Trial to begin over Afro Asia Building murder
Finally, the trial of Govindasamy Nallaiah will start today for the alleged homicide/murder of Madam Low Foong Meng. A total of 58 witnesses are expected to testify at his murder trial, including lawyer Rengarajoo Balasamy, husband of Madam Low. Madam Low’s charred body was found in her husband’s law firm at Afro Asia Building following the fire that gutted the office in the Afro Asia Building in August 2011. - AMIR HUSSAIN
Financial Times summit to look at global initiatives, opportunities in Asia
Financial Times is holding the sixth annual World Bank-Singapore Infrastructure Finance Summit today. The one-day event will be attended by leading policymakers, institutional investors, investment bankers and infrastructure developers to discuss the latest global initiatives such as capital investments as well as opportunities and obstacles in Asian emerging economies. - CHIA YAN MIN
Jakarta to release FDI data
Indonesia will announce foreign direct investment figures today, data that will determine the confidence foreign investors have in the reform-oriented Joko Widodo administration. Investors had fled South East Asia's biggest economy over the government's disappointing early performance. Today's numbers will be a reflection of whether the recently announced stimulus measures, coupled with expectations that US Fed will delay rate hike, has lured investors back to the country.

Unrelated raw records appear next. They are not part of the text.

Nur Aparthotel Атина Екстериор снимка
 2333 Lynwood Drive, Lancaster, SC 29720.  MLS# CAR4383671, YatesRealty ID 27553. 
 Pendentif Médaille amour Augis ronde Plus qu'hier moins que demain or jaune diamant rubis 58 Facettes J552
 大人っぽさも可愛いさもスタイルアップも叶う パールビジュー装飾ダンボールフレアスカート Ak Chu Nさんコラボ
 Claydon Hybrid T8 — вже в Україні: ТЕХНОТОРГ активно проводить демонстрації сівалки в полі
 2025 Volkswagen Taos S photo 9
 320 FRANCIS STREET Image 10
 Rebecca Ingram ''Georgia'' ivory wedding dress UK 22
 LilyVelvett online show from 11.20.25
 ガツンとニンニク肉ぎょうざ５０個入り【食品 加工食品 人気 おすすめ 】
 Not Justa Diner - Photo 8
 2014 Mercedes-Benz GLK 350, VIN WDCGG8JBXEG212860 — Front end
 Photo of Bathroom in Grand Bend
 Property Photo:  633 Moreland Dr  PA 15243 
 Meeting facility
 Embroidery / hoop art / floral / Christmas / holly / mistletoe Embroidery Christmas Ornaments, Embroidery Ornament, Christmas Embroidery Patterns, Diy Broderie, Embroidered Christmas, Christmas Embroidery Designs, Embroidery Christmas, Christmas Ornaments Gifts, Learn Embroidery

Separated Koreans to reunite for family reunions
Some 400 South Koreans will be reunited on Tuesday (Oct 20) with their relatives in the North for the first time since the Korean War ended 62 years ago. The reunion is the latest of its kind in a programme that began in earnest in 2000 but is only the second in the past five years – the result of an agreement the two Koreas reached in August to ease tensions that had pushed them to the brink of armed conflict.
The South Korean participants, many of them elderly, were chosen from a waiting list of 65,000 and will get to meet their kin six times over the next three days in the North Korean resort of Mount Kumgang.